I’ve been spending a lot of time on DC properties lately, what with the Professor Pyg & Joker customs. So before Crisis On Infinite Earths takes over The CW, let’s check in on Marvel’s House of X & Powers of X leading into “Dawn of X.” (HoX, PoX, & DoX for short, soon to be followed by CoX.) Before this SPOILERY dissection of the X-Men’s latest status quo, let’s talk toys! Remember to save Lodge 49 too!


The best part of the MCU having the X-Men & Spider-Man is now they can do a movie inspired by Marvel Team-Up #74! (Which current SNL castmember would an acceptable substitute for Jim Belushi though?)

I had a $15 GameStop coupon so I got Silver Samurai for $8! (Getting deals on items I would’ve paid full price for is such a lovely feeling!) Is there any rhyme or reason to some being labelled Silver Sam? The card bio is directly plagiarized from the original except it omits mention of his power & Wolverine? Despite the lack of removable kabuto & vac metalization, this is a huge improvement on the genuine vintage figure. The flexible silver plastic isn’t swirly but it does let too much light through. Butterfly chest joints would help him achieve more double handed poses. I’m still mad Hasbro made an energy effect for swords but didn’t give it to him. He’s currently borrowing Psylocke’s. I’d prefer a power spiral & a scabbard to a second sword that’s not even the cursed Black Blade. (He was much better at controlling it than Black Knight is at controlling the cursed Ebon Blade.) Since there’s no BAF pieces yet they’re still full price, it would’ve been nice if Hasbro had gone all out on the vintage series.


Stryfe had enough of being teased over his four washer nipples!

The Disney-Fox merger means any chance of seeing Stryfe’s helmet has been pushed way back. This is a shame for all fans of Wolverine masks made of gigantic X-Acto blades like me. (Thanks to the Fox films, there are people who don’t know Wolverine wears a mask of his own face.) At least you can swap the heads of Stryfe & Cable. This is a keen play feature I haven’t seen highlighted anyplace.

DSCI6848 (2)

“But then again, who needs a crystal ball to predict the obvious?”


Is this a Youngblood?

Mezco’s costume description is wrong. Gambit’s been wearing his armored pink vest on missions long before he joined the X-Men! The costume itself is missing the vital pink rectangles on his pants revealed to be card holsters.
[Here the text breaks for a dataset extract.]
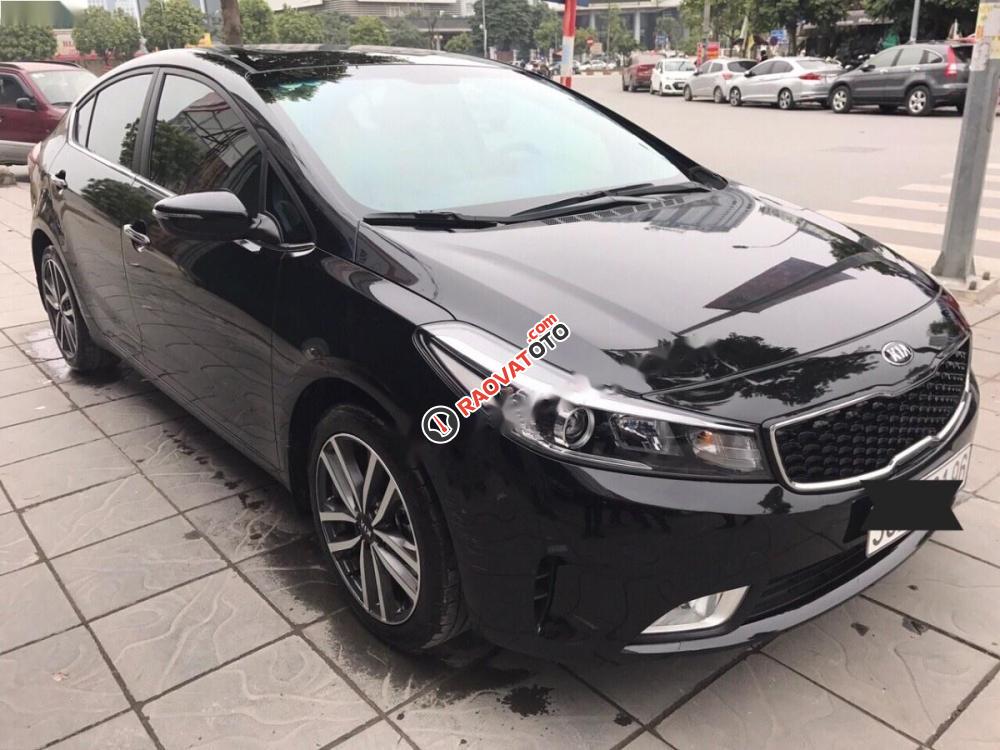 Bán xe Kia Cerato 1.6 AT đời 2016, màu đen còn mới-9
I can’t afford XM Studios’ (this design has changed since Marvel originally cancelled it) or Iron Studios’ dioramas of X-Men fighting Sentinels. Both have Jubilee! (You purchase the Iron Studios pieces separately expect her.) Of course I don’t have space for them anyway.

More effort was put into this unlicensed 12″ Mystique than the movies.

In a recent comics shipment I received a Sabretooth chess piece. I thought it was an error, but it turned out I ordered one in 2015.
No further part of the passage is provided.